Les états de service de Jean Mbouendé comme premier planteur et éleveur de la subdivision de Bafang, son engagement à sacrifier sa richesse et sa liberté pour lutter contre la colonisation depuis 1934 et surtout sa contribution à l’œuvre de pacification du Haut-Nkam pour épargner davantage les populations des tueries et son apport remarquable dans la campagne pour la réunification des deux Cameroun vont amener les populations à le porter en cœur et elles vont insister qu’il continu d’être leur éclaireur.
Ainsi, en 1961, presque toutes les populations avaient rallié leurs habitations aussi bien en ville qu’en périphéries, après le maquis. À cette époque, la mairie était dirigée par un administrateur-maire nommé par l’État.
Organisation du scrutin
L’ordonnance n° 59/63 du 21 novembre 1959 érigea les communes urbaines de Bafoussam et de Bafang en communes de plein exercice, avec des maires élus.

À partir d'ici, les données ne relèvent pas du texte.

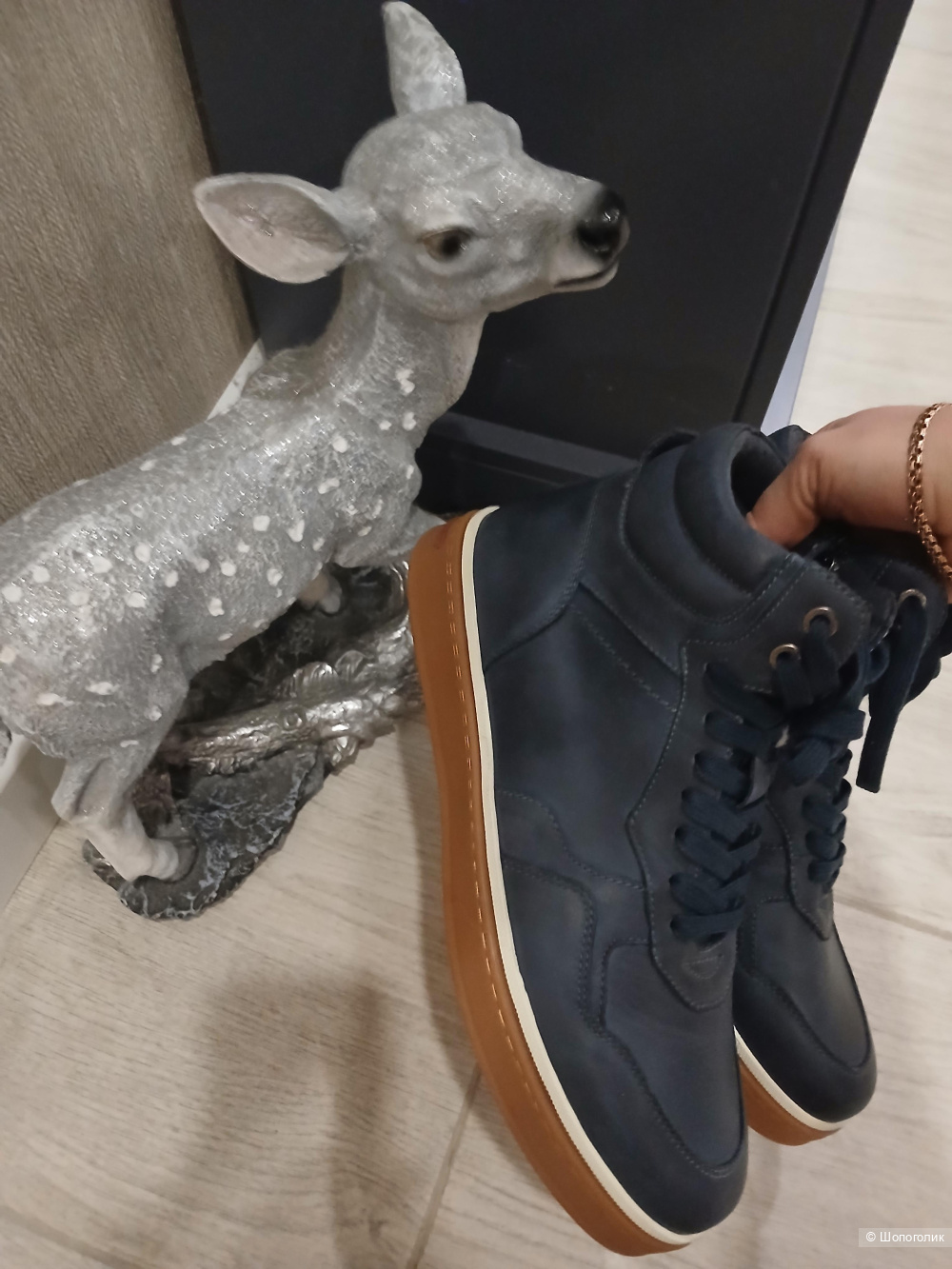 Ботинки x plode р.43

Il est bien de noter qu’avant cette loi, le Cameroun ne comptait que trois communes de plein exercice : Yaoundé, Douala et Nkongsamba.
Cette loi sera implémentée en 1961 avec l’organisation des élections municipales.
Sous l’instigation des populations, il était question que Jean Mbouendé, pour services rendus, pose sa candidature. Il a refusé en évoquant qu’il est illettré. Mais les gens se sont entêtés à porter le choix sur lui.
C’est comme ça qu’il adhère à la décision populaire et son objectif dès lors est de réaliser un des nobles objectifs de l’upc à savoir l’élévation du standard de vie de ses compatriotes après l’indépendance et la réunification pour lesquelles il a saigné.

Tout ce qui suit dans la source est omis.